Should you write Win32 programs or Universal Apps?

by Volker Weber

I asked Microsoft, why developers should be writing Universal Apps instead of Win32 programs. This is the answer:

  1. Windows 10 will support Win32 apps in Store. This is a great way for developers to extend the reach of existing code.
  2. For new apps, we recommend creating Universal Windows Platform apps.
  3. A UWP will run on the full range of Windows 10 devices; tablet, PC, phone and eventually Xbox, IoT and holographic scenarios
  4. Microsoft is offering existing Windows customers a free upgrade to Windows 10, which should in turn give developers a broad common install base relatively quickly

I did not know #1. #2 does not explain why. That's in #3. With a UWP I would give up Windows 7, Vista, XP users. I am not sure about Windows 8.x. But I would gain phones, eventually Xbox, IoT and Hololens. That sound like a big risk.

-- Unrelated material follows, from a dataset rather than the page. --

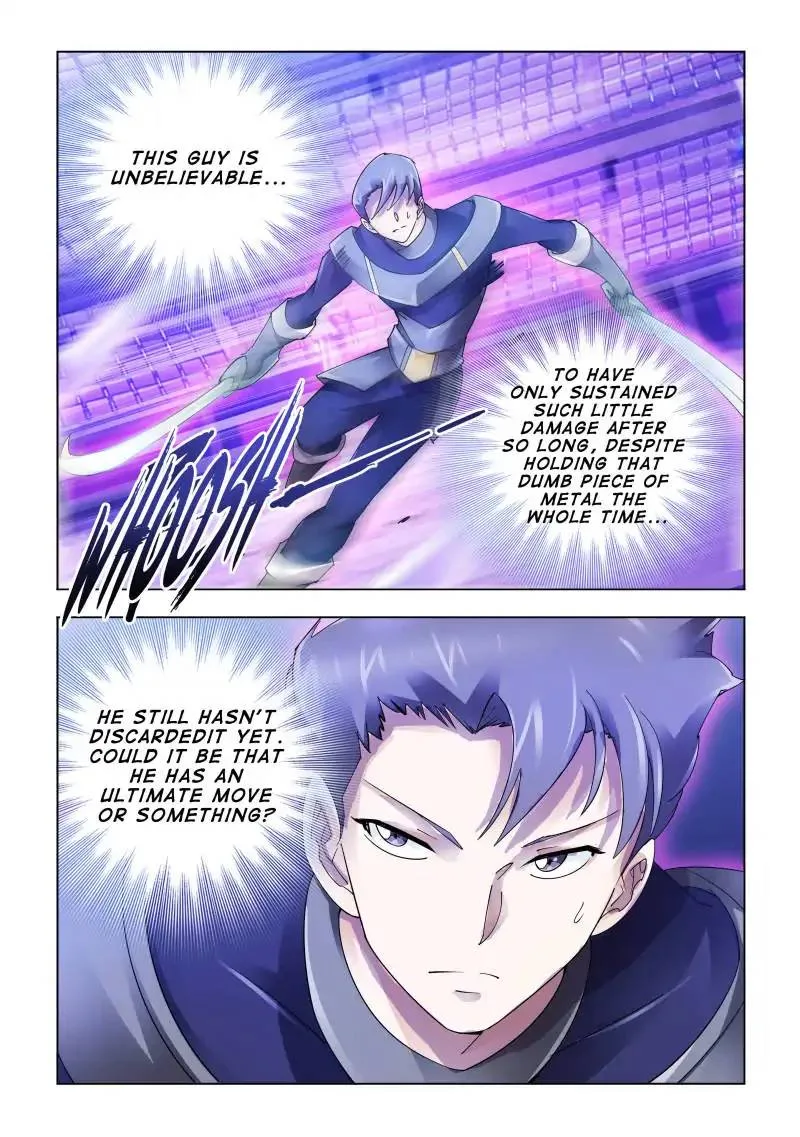 Battle Frenzy Chapter 86 page 12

I think it should really be ok to lose XP for new development, considering its status. On paper the continuum stuff looks really compelling for a great deal of enterprise employees. Then it will also be interesting to see numbers how many users will upgrade from win7. Probably much more in the consumer than the enterprise market.

So if you must target Win 7, it's probably for the enterprise market. In that case you should also ask yourself whether a web app will do. Or writing 2 apps with a shared core, which based on .NET tech is a viable option.

Frank Quednau, 2015-07-16

Given #1 and that you have to give up all non-10 devices I would think: Those who today develop Win32 will continue to do so. Especially in company / enterprise environments. Most companies I worked with are still on Windows 7. With #1 Microsoft is not even forcing a decision, yet.

Interesting problem:
If your software does not need to run on Windows <= 8, then why does it have to be restricted to Windows at all?
What I mean: why then build a windows universal app and not i.e. Java, phone gap, unity, web application etc. ?
This would open your target to Mac OS, Linux, mobile regardless of platform (at least web).
What are developers using today if they do not want to restrict themselves to Windows?

Tobias Hauser, 2015-07-16

In Win10 apps installed from the store have certain properties and can do things classically installed apps can't. They are conveniently licensed, installed and updated from the store. The can be preinstalled (provisioned) on the device, so during installation they don't need to be downloaded, only a license is acquired. They have live tiles, toast notifications to the action center, notifications on the lock screen and a whole buch of other stuff. That does not only work for UWP apps. Once a win32 app is submitted to the store, it gets an app id and then - with a little extra coding - has toast notifications, live tile etc. The same goes for java/web apps and all the other bridging technologies.

I think Microsoft is betting big time that developers not only will submit their old stuff to the store. But that once they are in, they will take advantage of the new possibilities - add notifications, hook up their game with xbox live achievements, etc. And once they look into all the features they might consider a native UWP, then they get access to continuum and other device types in the platform.

From the user perspective, with all the effort that went into the new in-box apps, I think Microsoft is working very hard to establish store apps as the new standard desktop applications. (They even redid the browser as an UWP app.) And I think that the features and advantages will improve rather quickly. I wouldn't be surprised to see install/uninstall on multiple devices, actionable notifications, jump lists for UWP apps, etc. rather sooner then later.

Microsoft needs Universal/Store apps to be a success on the desktop. That billion devices they were talking about - that are desktop computers. If they are successful on the desktop, that success will trickle down into other device classes. IoT, xbox, maybe even Phone.

Max Nierbauer, 2015-07-16

When talking about new apps, I think it depends on your target and the needed capabilities of the app. If it is 'modern computers' (tablets, mobile) and if it can be done using the universal app APIs - go for it.
For existing assets the question might usually not come up.